→ **TASK ITEM**:
Find, in the records below, the line that contains "14K 26 inch" and the line that contains "LG 343 L 2 Frost-Free". Copy those two lines and everything between them exactly, but not the pictures.

→ **GIVEN RECORDS**:

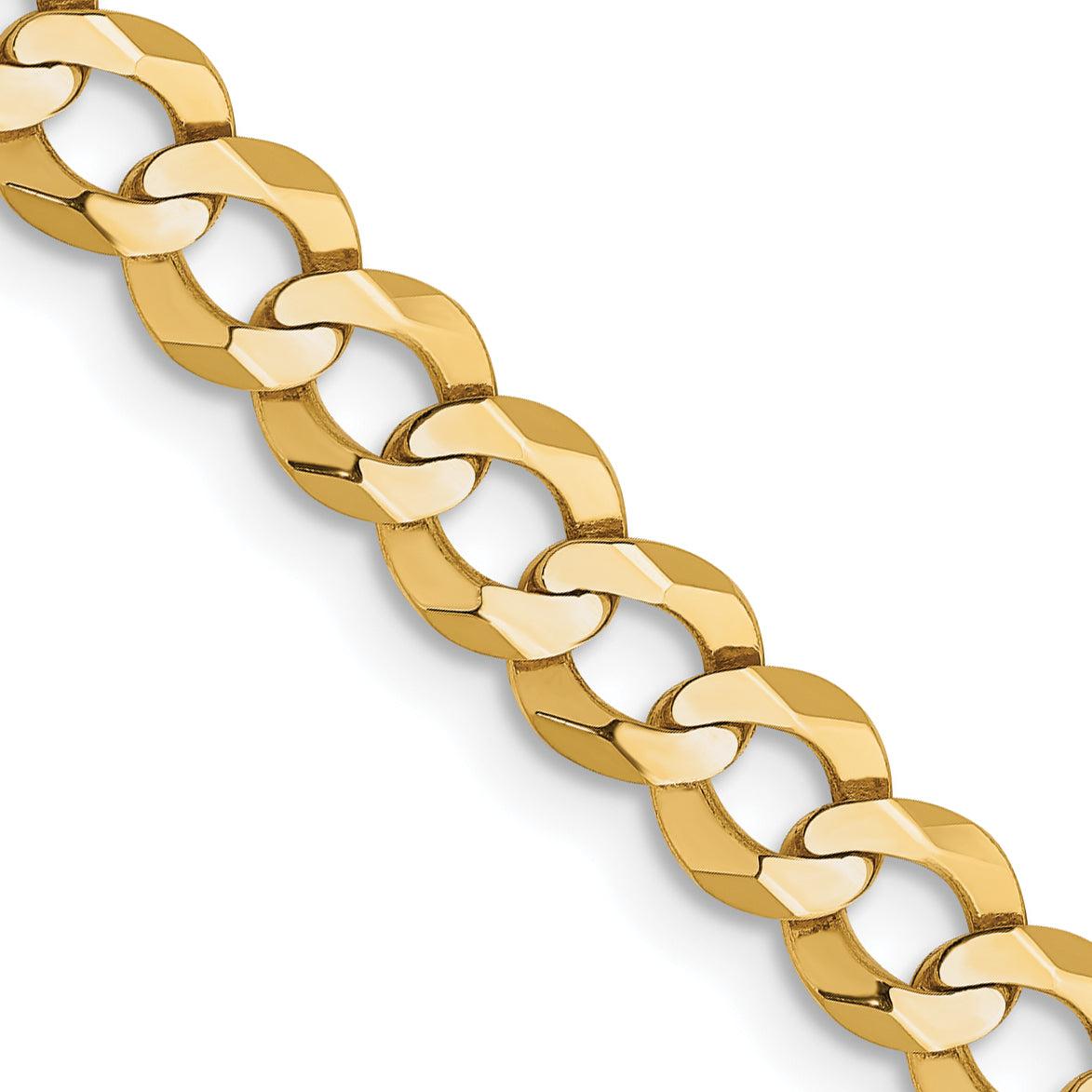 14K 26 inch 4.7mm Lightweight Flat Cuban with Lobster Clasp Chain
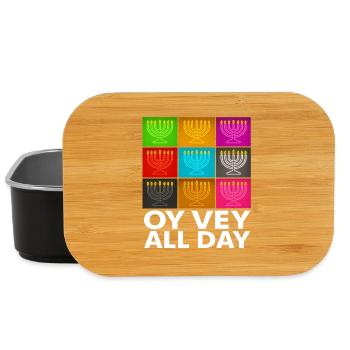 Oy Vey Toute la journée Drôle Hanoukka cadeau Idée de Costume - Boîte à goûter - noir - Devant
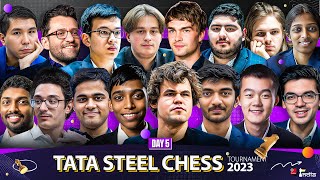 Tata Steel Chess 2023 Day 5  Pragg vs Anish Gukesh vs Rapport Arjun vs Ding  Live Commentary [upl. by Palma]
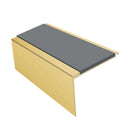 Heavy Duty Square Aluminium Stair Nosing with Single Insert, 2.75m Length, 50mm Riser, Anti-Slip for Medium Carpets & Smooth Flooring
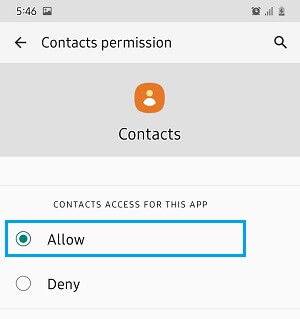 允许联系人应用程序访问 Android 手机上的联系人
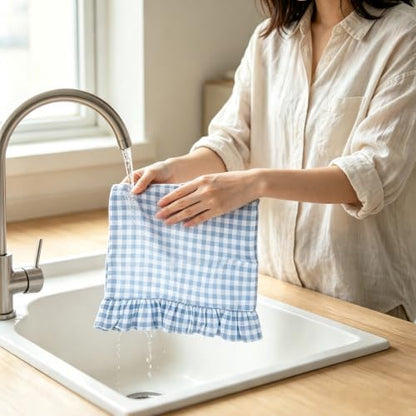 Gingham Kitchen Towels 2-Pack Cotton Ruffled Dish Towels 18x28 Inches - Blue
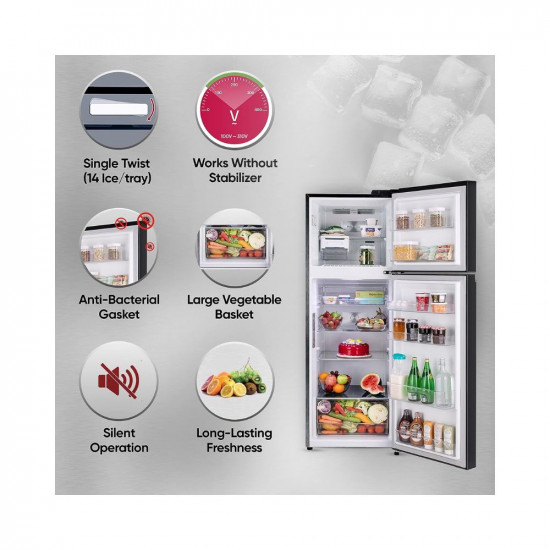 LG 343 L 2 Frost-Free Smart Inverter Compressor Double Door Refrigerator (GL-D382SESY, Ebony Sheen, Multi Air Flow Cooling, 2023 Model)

--

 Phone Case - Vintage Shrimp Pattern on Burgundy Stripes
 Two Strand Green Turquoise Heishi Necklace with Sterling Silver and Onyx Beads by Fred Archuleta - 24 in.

→ **SOLUTION FOR THIS TASK**:
 14K 26 inch 4.7mm Lightweight Flat Cuban with Lobster Clasp Chain
 Oy Vey Toute la journée Drôle Hanoukka cadeau Idée de Costume - Boîte à goûter - noir - Devant
 Tata Steel Chess 2023 Day 5  Pragg vs Anish Gukesh vs Rapport Arjun vs Ding  Live Commentary [upl. by Palma]
 Heavy Duty Square Aluminium Stair Nosing with Single Insert, 2.75m Length, 50mm Riser, Anti-Slip for Medium Carpets & Smooth Flooring
 允许联系人应用程序访问 Android 手机上的联系人
 Gingham Kitchen Towels 2-Pack Cotton Ruffled Dish Towels 18x28 Inches - Blue
 LG 343 L 2 Frost-Free Smart Inverter Compressor Double Door Refrigerator (GL-D382SESY, Ebony Sheen, Multi Air Flow Cooling, 2023 Model)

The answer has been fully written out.